Remediation & Continuous Improvement
Our continuous improvement philosophy is aimed at creating systems that will not only correct the issues found, but will prevent them from occurring in the future. When assessing our factories, we track the results to recognize patterns and systematic failures with the goal of better understanding the issues and being able to direct our efforts to help those who need it most.
Should issues arise in our supply chain, our first course of action is to partner with factory management and workers to determine root causes and devise a continuous improvement plan. We encourage management to take a holistic approach of not only addressing the issues, but also putting systems, policies, and procedures in place to prevent issues from reoccurring. For factories that lack the skills, tools, and knowledge to address the issues, we engage with factory management through training and capacity building.
In factories where Brooks has dedicated production lines we recognize that our purchasing practices, especially during peak periods, can have a negative impact on factory working hours. We are continuing to work cross-functionally within the organization to implement innovative solutions to address footwear capacity planning.

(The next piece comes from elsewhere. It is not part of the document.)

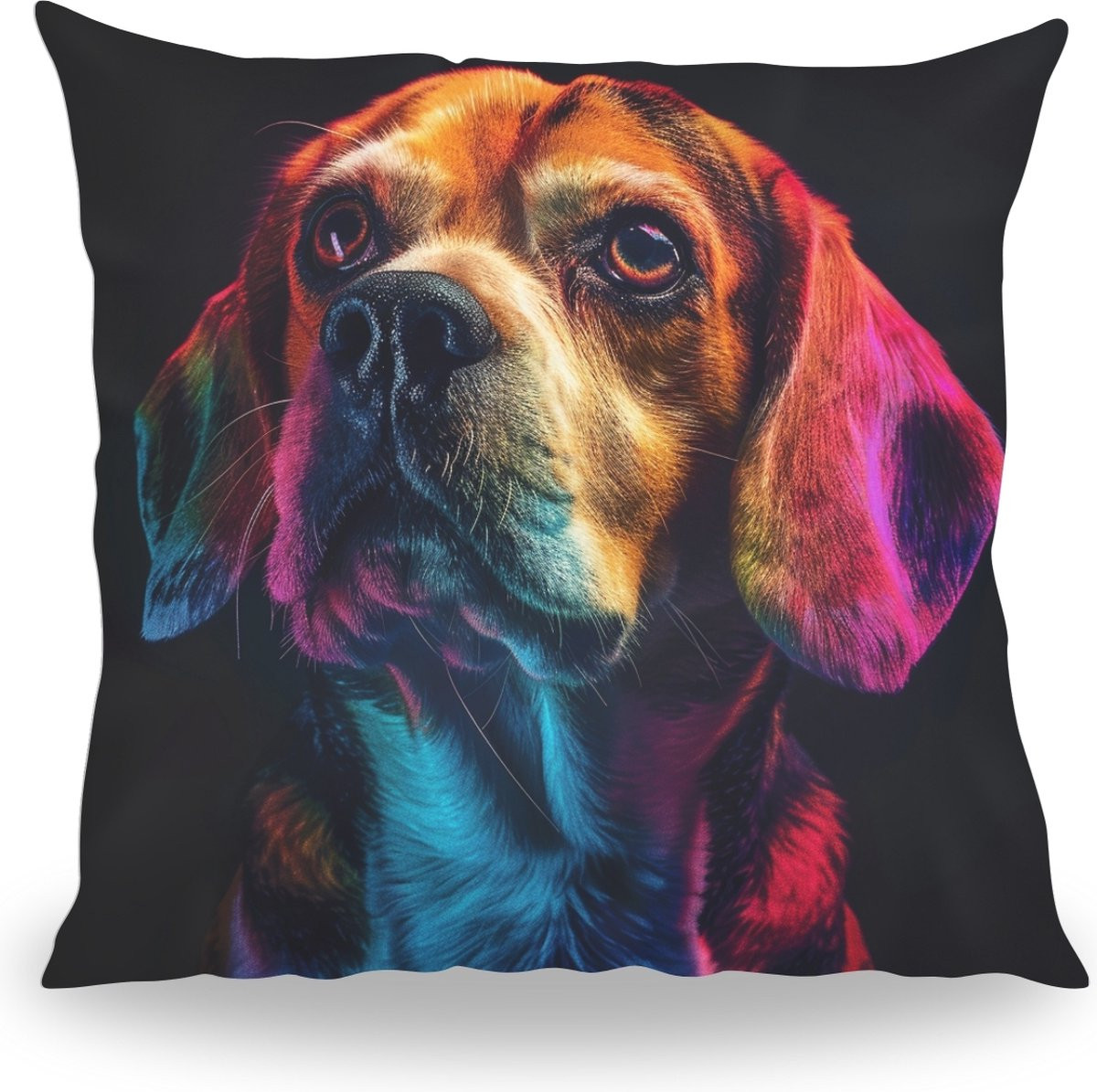PillowBuddies Kussen met Beagle Portret - 2 Kleuren - 30 cm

Measuring fair labor performance at our contract footwear factories provides an opportunity to create a dialogue around the root cause of compliance gaps and consider opportunities to close them through systems and process improvement. We utilize the Footwear Balanced Scorecard as the platform for dialogue, feeding key outputs from the third-party assessments and the remediation process to discuss performance and continuous improvement. To ensure alignment, Brooks' departmental leaders in Costing, Development, Sourcing, Commercialization, Quality, and Corporate Responsibility meet with factory leadership to conduct a quarterly business review of successes and opportunities for performance improvement in each functional area, for both Brooks and the factory. The factory also completes a reverse scorecard for Brooks' departments on key indicators, ensuring a robust two-way dialogue for our own internal improvement.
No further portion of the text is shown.